## AIM OF THE TASK
Output the whole listing below exactly, omitting the images.

## PROVIDED RECORDS
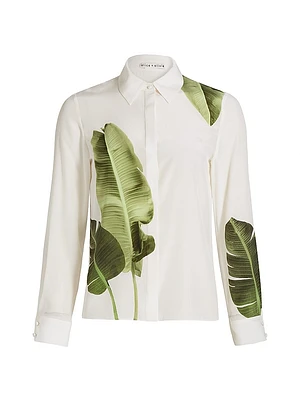 Willa Palm-Print Silk Blouse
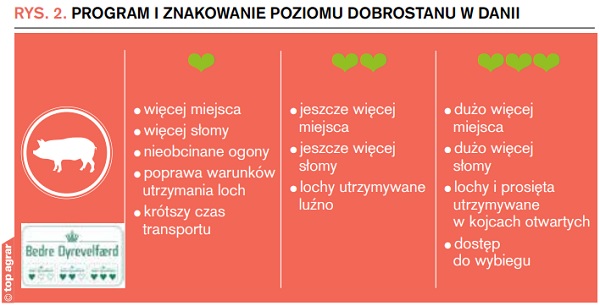 Rys. 2. Program i znakowanie poziomu dobrostanu w Danii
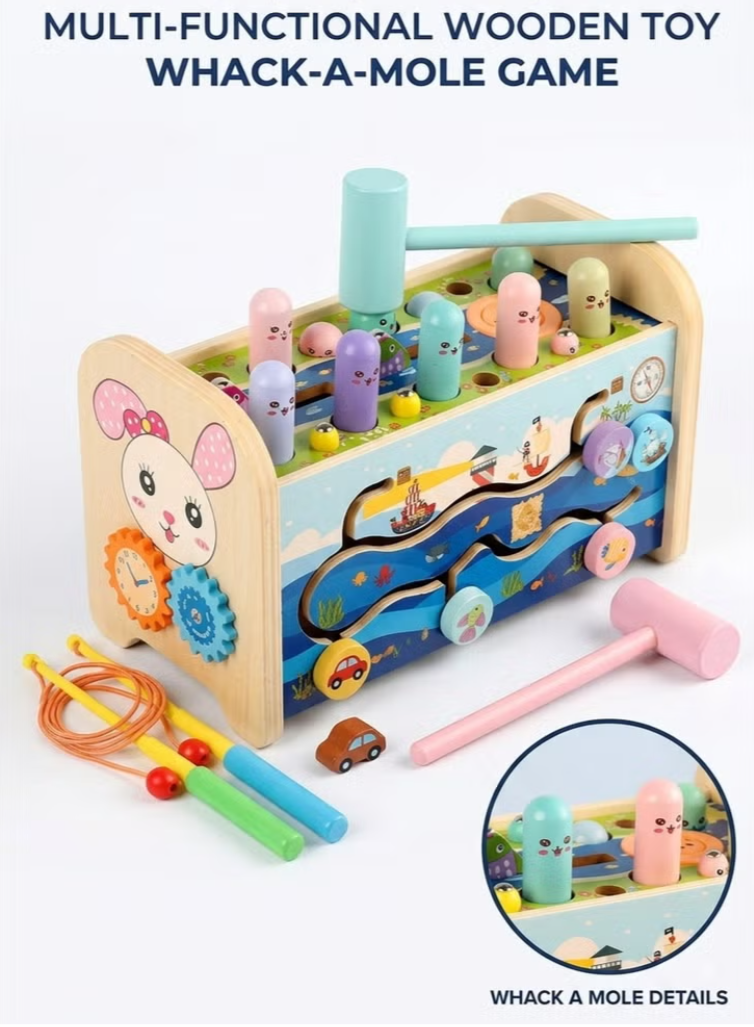 Kids Wooden Hammer Toy Set – 7-in-1 Educational Activity Set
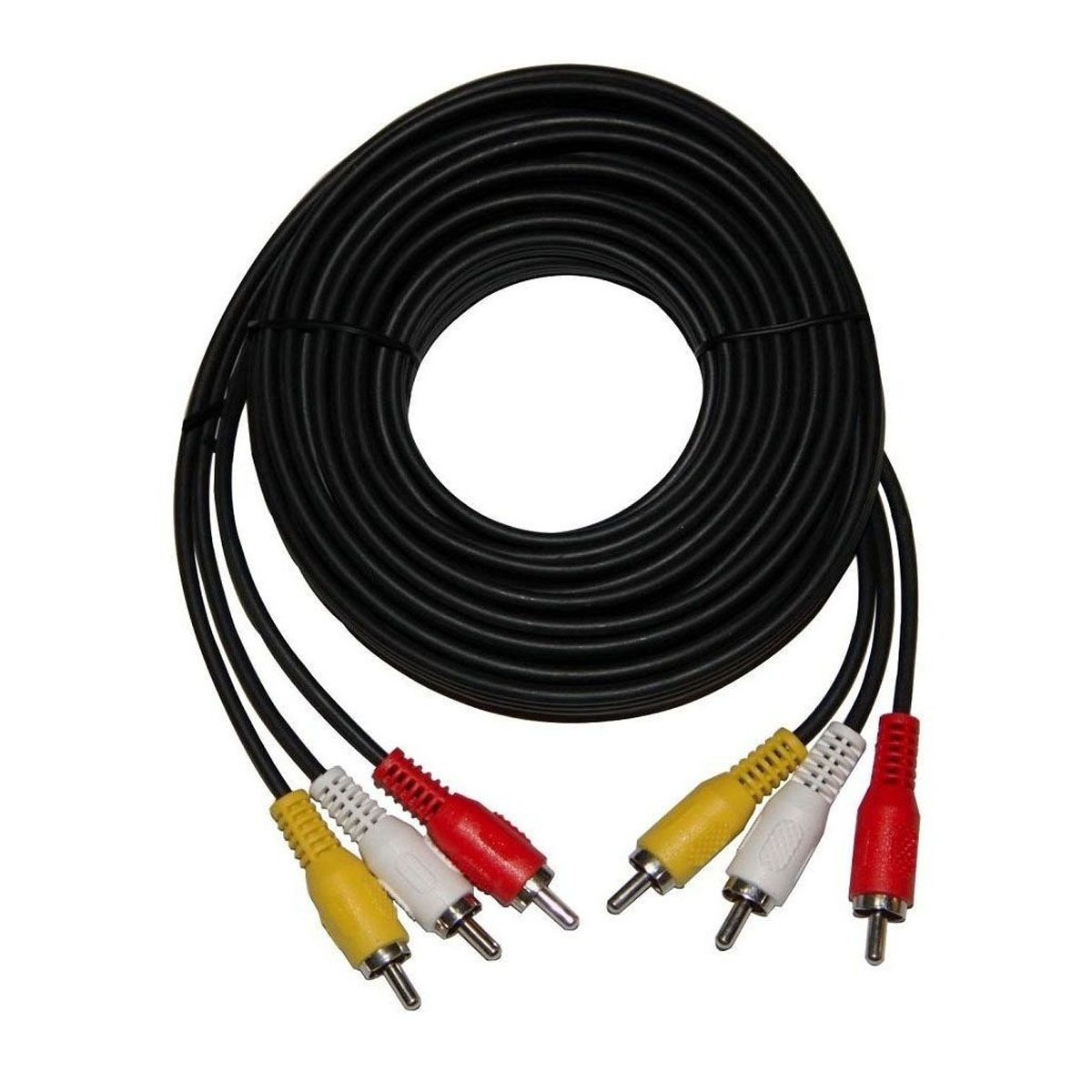 GENERICO - CABLE 3 RCA A 3 RCA 10 MTS. CONECTOR BAÑO ORO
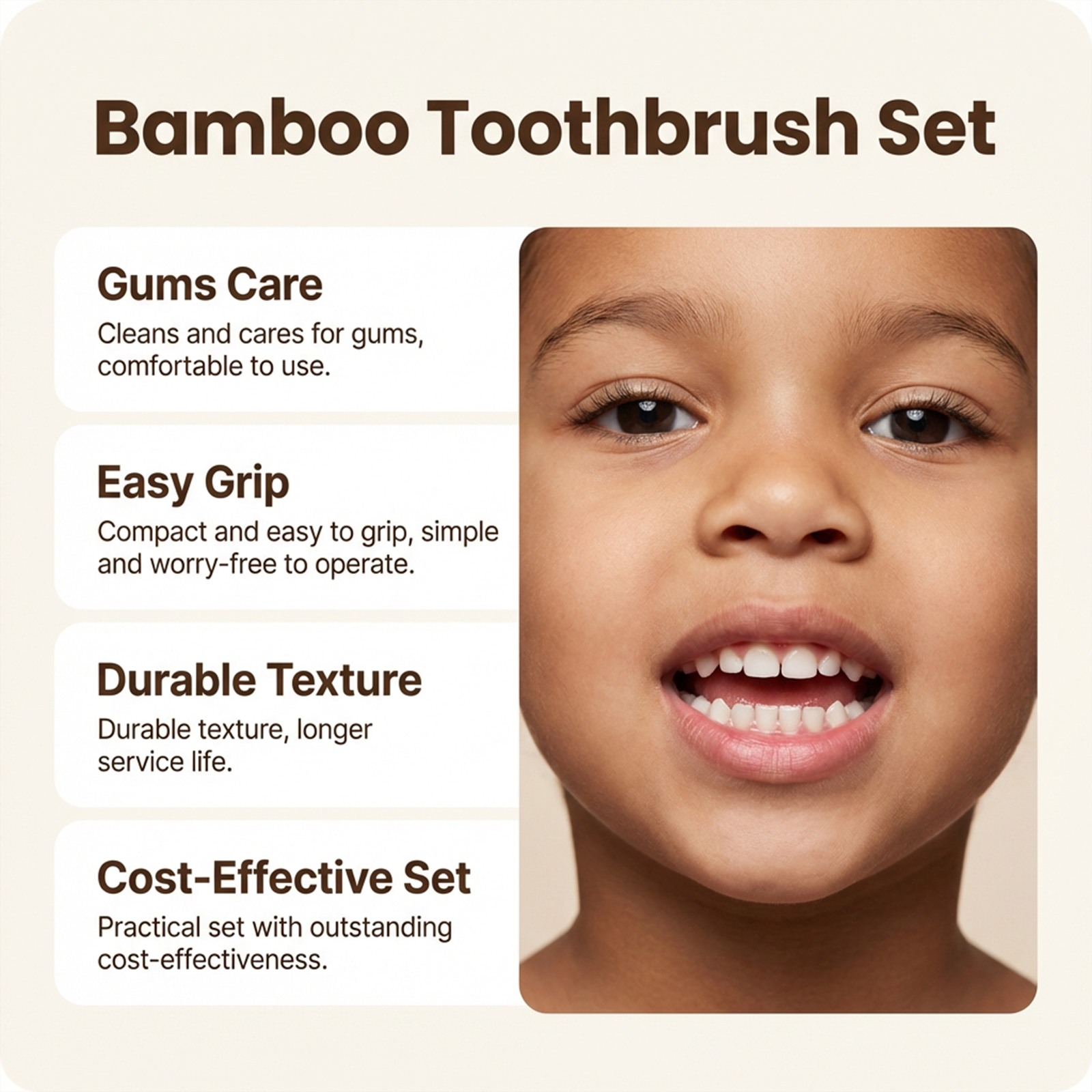 Bamboo Toothbrush Set Gentle Cleansing Manual Lightweight Comfortable Handle For Daily Household Use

## WRITTEN ANSWER
 Willa Palm-Print Silk Blouse
 Rys. 2. Program i znakowanie poziomu dobrostanu w Danii
 Kids Wooden Hammer Toy Set – 7-in-1 Educational Activity Set
 GENERICO - CABLE 3 RCA A 3 RCA 10 MTS. CONECTOR BAÑO ORO
 Bamboo Toothbrush Set Gentle Cleansing Manual Lightweight Comfortable Handle For Daily Household Use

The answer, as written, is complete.